[llvm-commits] [PATCH] fold umax(zext A, zext B) -> zext (umax(A, B))

Török Edwin edwintorok at gmail.com
Wed Jun 17 13:44:25 PDT 2009


On 2009-06-17 23:25, Dan Gohman wrote:
> On Jun 17, 2009, at 11:35 AM, Török Edwin wrote:
>
>   
>> Hi,
>>
>> I noticed that umax (zext t1 %X to %t0, zext t1 %Y to %t0) isn't  
>> folded,
>> the attached patch folds this into:
>> umax (zext t1 %X to %t0, zext t1 %Y to %t0).
>>
>> It also folds umax (sext t1 %X to %t0, sext t1 %Y to %t0) ->  sext t1
>> (umax (%X, %Y)) to %t0.
>>
>> zext is very often encountered in SCEV expressions on x86-64, since
>> pointer indexes for GEP are i64.
>>
>> Thoughts?
>>     
>
> Another question to ask is whether this kind of thing belongs in
> ScalarEvolution, or if it would be more appropriate for
> instcombine. Instcombine looks at all instructions in a program,
> while ScalarEvolution typically only looks at those related to
> loop iteration. Also, instcombine could more easily handle more
> generalized cases of this optimization, for example with umin.
>
> On the other hand, there are cases where it makes sense to do
> such simplifications in ScalarEvolution.
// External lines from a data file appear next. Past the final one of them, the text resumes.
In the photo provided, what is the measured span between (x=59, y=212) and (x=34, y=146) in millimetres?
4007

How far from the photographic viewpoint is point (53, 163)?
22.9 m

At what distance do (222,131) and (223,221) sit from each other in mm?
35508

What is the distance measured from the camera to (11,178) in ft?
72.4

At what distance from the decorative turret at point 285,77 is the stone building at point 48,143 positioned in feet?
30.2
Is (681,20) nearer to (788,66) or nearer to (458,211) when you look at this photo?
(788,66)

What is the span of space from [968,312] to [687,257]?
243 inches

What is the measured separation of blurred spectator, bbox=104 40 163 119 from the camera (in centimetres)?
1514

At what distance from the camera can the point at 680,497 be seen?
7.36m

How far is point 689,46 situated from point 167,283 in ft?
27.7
Can you given an
> example where you're seeing this kind of code?
>   

It doesn't have much to do with code generation/optimization, but rather
with analysis.
I have a pass that tries to find buffer overflow bugs, doing that
involves lots of umax() expressions.
If I can move the zext out of umax I can decide quite early that an
access is valid:

int foo(unsigned n, unsigned i)
{
  char *a = malloc(n);
  if (!a)
   return -1;
  if (i < n)
    a[i]=0;
}

Compiling that on 32-bit, I can decide immediately. On 64-bit I need the
additional step of getting rid of zexts inside umax.
Of course a solver can decide either way (with zext or not), but for
such a simple case I prefer to solve the equation early myself.

Of course I could do this all in my pass, but I thought the SCEV code
would benefit from it generally.
Doing one zero ext, and one umax should be cheaper than 2 zero exts and
one umax. Also its easier to analyze expressions if you
don't have so many zero/sign extensions and truncations.
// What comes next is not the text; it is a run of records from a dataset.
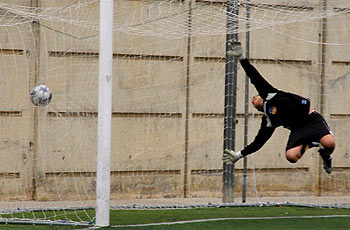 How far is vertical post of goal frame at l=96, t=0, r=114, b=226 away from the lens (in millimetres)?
10430

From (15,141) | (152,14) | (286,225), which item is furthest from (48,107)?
(286,225)

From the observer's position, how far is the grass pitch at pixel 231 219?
10.8 metres

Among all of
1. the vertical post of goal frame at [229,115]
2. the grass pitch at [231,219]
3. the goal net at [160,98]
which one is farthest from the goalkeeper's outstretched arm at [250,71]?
the vertical post of goal frame at [229,115]

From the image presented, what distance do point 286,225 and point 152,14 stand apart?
4532 millimetres

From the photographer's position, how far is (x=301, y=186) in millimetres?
15383

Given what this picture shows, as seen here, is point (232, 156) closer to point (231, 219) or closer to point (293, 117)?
point (231, 219)

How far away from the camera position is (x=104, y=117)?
10.4m

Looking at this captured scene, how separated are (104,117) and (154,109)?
3.77m

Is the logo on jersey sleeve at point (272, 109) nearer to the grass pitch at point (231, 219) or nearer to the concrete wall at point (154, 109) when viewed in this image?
the grass pitch at point (231, 219)

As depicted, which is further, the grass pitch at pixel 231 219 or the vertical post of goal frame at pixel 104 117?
the grass pitch at pixel 231 219

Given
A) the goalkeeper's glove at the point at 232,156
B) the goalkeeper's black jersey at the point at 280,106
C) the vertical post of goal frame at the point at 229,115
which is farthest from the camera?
the vertical post of goal frame at the point at 229,115

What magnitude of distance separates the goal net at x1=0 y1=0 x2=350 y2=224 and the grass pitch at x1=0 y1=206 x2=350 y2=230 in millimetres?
753

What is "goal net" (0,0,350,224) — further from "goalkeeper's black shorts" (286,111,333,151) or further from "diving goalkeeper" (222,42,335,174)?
"goalkeeper's black shorts" (286,111,333,151)

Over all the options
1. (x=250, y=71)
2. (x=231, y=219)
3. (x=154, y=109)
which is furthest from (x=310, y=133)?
(x=154, y=109)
> One minor note on the patch itself:
>
>  > +      unsigned bits = Ty->getPrimitiveSizeInBits();
>  > +      if (!bits) {
> [...]
>  > +    if (maxBits) {
>
> Within ScalarEvolution code, you can use
> ScalarEvolution::getTypeSizeInBits, which has the advantage of
> TargetData information (when available). Using that instead
> of getPrimitiveSizeInBits would eliminate the need for the
> two if statements quoted here.
>   

Thanks, I'll use that in the next iteration of the patch (for sCEVExpander).